As the lithe figure approached, skipping over the rough boulders, poising with the balance of an athlete, or skirting a shelf of rock with the cautious activity of a goat, never losing for a moment the rhythmic motion of his flexile form, I began to think that his attitude on the over-hanging rock might not, after all, have been so chimerical; and my resolve, as to how I should treat this phase of insanity, began to waver very sensibly, and I fell back on that mental rear-guard—good intentions; but when he stood before me with a pleasant “Good day, madam,” my perplexity increased ten-fold, for his bright intelligent face revealed no trace of insanity, and his open blue eyes of honest questioning, and glorious auburn hair might have stood as a portrait of the angel Raphael. His figure was about five feet nine, well knit, and bespoke that active grace which only trained muscles can assume.

The guide increased my confusion by exclaiming, “Hallo, Kenmuir! the lady wants to speak to you.”

I wished the guide at Jericho for giving me such false notions. Why had he induced me to believe this man a raving maniac, only to compel me, like old Dogberry, to write myself down an ass. I could have as soon reproached one of the clouds gyrating round the crest of the mountain with running into danger.

“Can I do anything for you?” asked Kenmuir gently.

“She wants to know what you were doing out on that bloody knob overhanging eternity?”

“Praising God,” solemnly replied Kenmuir.

“Thought that would start him,” interrupted the guide.

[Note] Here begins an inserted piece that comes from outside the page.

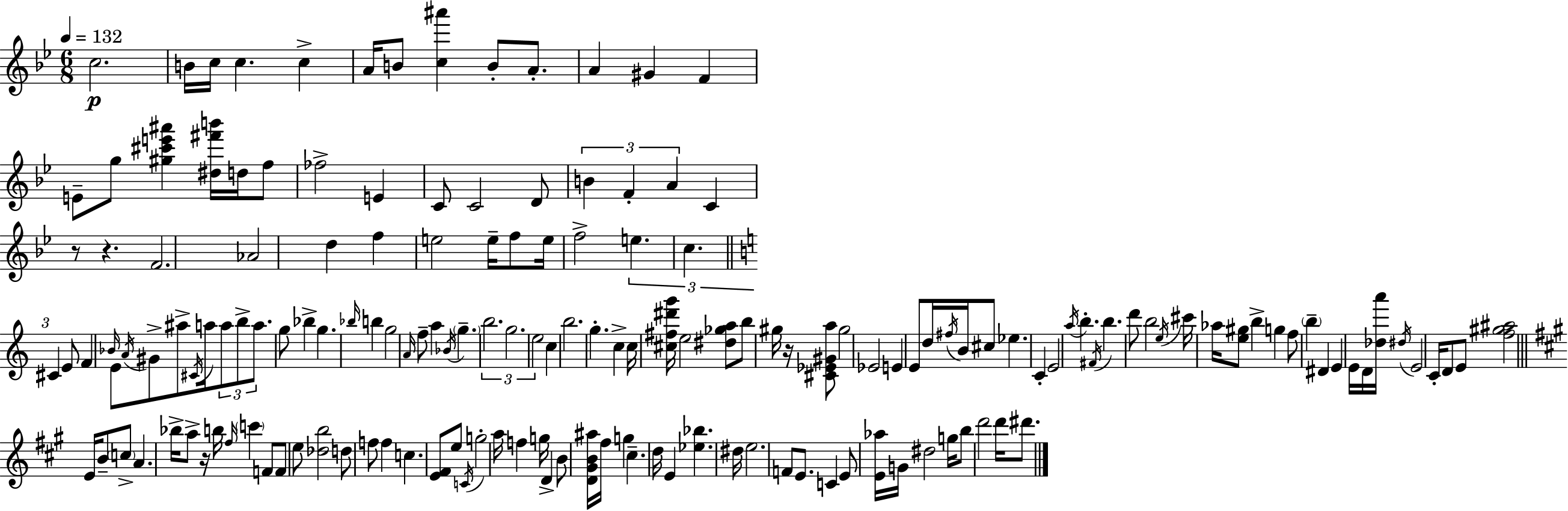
C5/h. B4/s C5/s C5/q. C5/q A4/s B4/e [C5,A#6]/q B4/e A4/e. A4/q G#4/q F4/q E4/e G5/e [G#5,C#6,E6,A#6]/q [D#5,F#6,B6]/s D5/s F5/e FES5/h E4/q C4/e C4/h D4/e B4/q F4/q A4/q C4/q R/e R/q. F4/h. Ab4/h D5/q F5/q E5/h E5/s F5/e E5/s F5/h E5/q. C5/q. C#4/q E4/e F4/q Bb4/s E4/e A4/s G#4/e A#5/e C#4/s A5/s A5/e B5/e A5/e. G5/e Bb5/q G5/q. Bb5/s B5/q G5/h A4/s F5/e A5/q Bb4/s G5/q. B5/h. G5/h. E5/h C5/q B5/h. G5/q. C5/q C5/s [C#5,F#5,D#6,G6]/s E5/h [D#5,Gb5,A5]/e B5/e G#5/s R/s [C#4,Eb4,G#4,A5]/e G#5/h Eb4/h E4/q E4/e D5/s F#5/s B4/s C#5/e Eb5/q. C4/q E4/h A5/s B5/q. F#4/s B5/q. D6/e B5/h E5/s C#6/s Ab5/s [E5,G#5]/e B5/q G5/q F5/e B5/q D#4/q E4/q E4/s D4/s [Db5,A6]/s D#5/s E4/h C4/s D4/e E4/e [F5,G#5,A#5]/h E4/s B4/e C5/e A4/q. Bb5/s A5/e R/s B5/s F#5/s C6/q F4/e F4/e E5/e [Db5,B5]/h D5/e F5/e F5/q C5/q. [E4,F#4]/e E5/e C4/s G5/h A5/s F5/q G5/s D4/q B4/e [D4,G#4,B4,A#5]/s F#5/s G5/q C#5/q. D5/s E4/q [Eb5,Bb5]/q. D#5/s E5/h. F4/e E4/e. C4/q E4/e [E4,Ab5]/s G4/s D#5/h G5/s B5/e D6/h D6/s D#6/e.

“Praising God, madam, for his mighty works, his glorious earth, and the sublimity of these fleecy clouds, the majesty of that great roaring torrent,” pointing to the Nevada, “that leaps from rock to rock in exultant joy, and laves them, and kisses them with caresses of downiest foam. O, no mother ever pressed her child in tenderer embrace, or sung to it in more harmonious melody; and my soul joins in with all this shout of triumphant gladness, this burst of glorious life; this eternity of truth and beauty and joy; rejoices in the gorgeous canopy above us, in the exquisite carpet with which the valley is spread of living, palpitating, breathing splendor. Hearken to the hymn of praise which re-sounds upwards from every tiny sedge, every petal and calyx of myriads and myriads of flowers, all perfect, all replete with the divine impress of Omnipotent power. Shall man alone be silent and callous? Come, madam, let me lead you to Pal-li-li-ma, the point I have just left, where you can have a more complete view of this miracle of nature, for I am sure you also can worship in this temple of our Lord.”

Here was a pretty fix for a Professor’s wife, and a sensible woman! I was about to put myself in the identical situation which but a few moments before had induced me to consider the man who occupied it a lunatic.

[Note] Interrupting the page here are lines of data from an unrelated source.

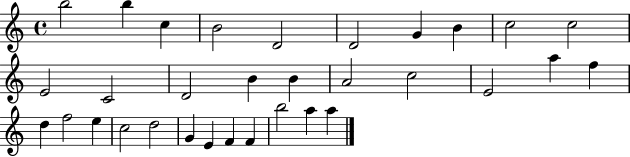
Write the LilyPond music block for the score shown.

{
  \clef treble
  \time 4/4
  \defaultTimeSignature
  \key c \major
  b''2 b''4 c''4 | b'2 d'2 | d'2 g'4 b'4 | c''2 c''2 | \break e'2 c'2 | d'2 b'4 b'4 | a'2 c''2 | e'2 a''4 f''4 | \break d''4 f''2 e''4 | c''2 d''2 | g'4 e'4 f'4 f'4 | b''2 a''4 a''4 | \break \bar "|."
}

Horse-shoe Bill remarked my puzzled expression, and laughed, “Ho, he’ll guide you right enough; he knows every inch of the road as well as I do. You needn’t be afeard; he’ll take you to the shanty I told you of, where you can locate for the night, and I’ll make tracks back again, if so be you don’t want me.”

One thought of the maniac shot through my mind, not as a fear, but a souvenir. I looked on the face of Kenmuir, shining with a pure and holy enthusiasm, and it reminded me of the face of a Christ I had seen years ago in some little old Italian village; not a picture of any note, but possessing such a tender, loving, benignant expression, that I had never forgotten it; and had then thought that the artist must have intended it for the Salvator Mundi before he became the Man of Sorrows.

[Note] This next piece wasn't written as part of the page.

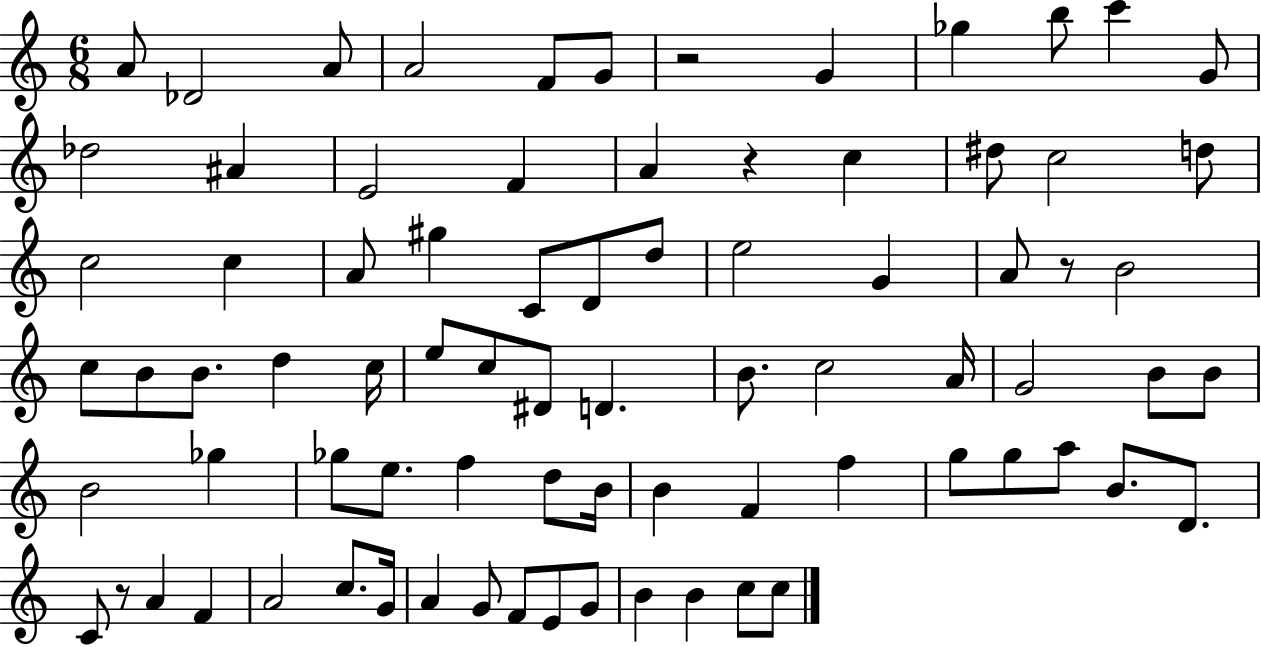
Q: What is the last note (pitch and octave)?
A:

With this picture brought forcibly to my mind, I resigned myself cheerfully, and followed his lead to the great projecting rock called the Glacier Point, or Pal-li-li-ma, where I had first seen him, and where there are still traces of ancient glaciers, which he said “are no doubt the instruments the Almighty used in the formation of this valley.”

As we proceeded slowly and carefully, my thoughts dwelt with deep interest on the individual in advance of me. Truly his garments had the tatterdemalion style of a Mad Tom. The waist of his trousers was eked out with a grass band; a long flowing sedge rush stuck in the solitary button-hole of his shirt, the sleeves of which were ragged and forlorn, and his shoes appeared to have known hard and troublous times. What if he had been, at some previous period, insane, and still retained the curious mania of believing that human beings might through righteousness float in ambient air? What if he should insist on our making the experiment this evening together? What would my husband say if he knew all, and saw me here committed to the sole care of this man with the beautiful countenance, and with no other guarantee, in a wilderness of mighty rocks, gigantic trees, and awful precipices, a hundred miles from anywhere! This was a very awkward thought to deal with, and there was no justification I could think of. What inconvenient but useful creatures husbands are sometimes! If we should go over the rocks together, of course there would he an “end of everything,” as Sir Peter Teazle says; but in case I should survive, and recount the whole matter to him, as I could not help doing, then he would upbraid me with riding off at the risk of my neck, on my favorite hobby-horse, Physiognomy.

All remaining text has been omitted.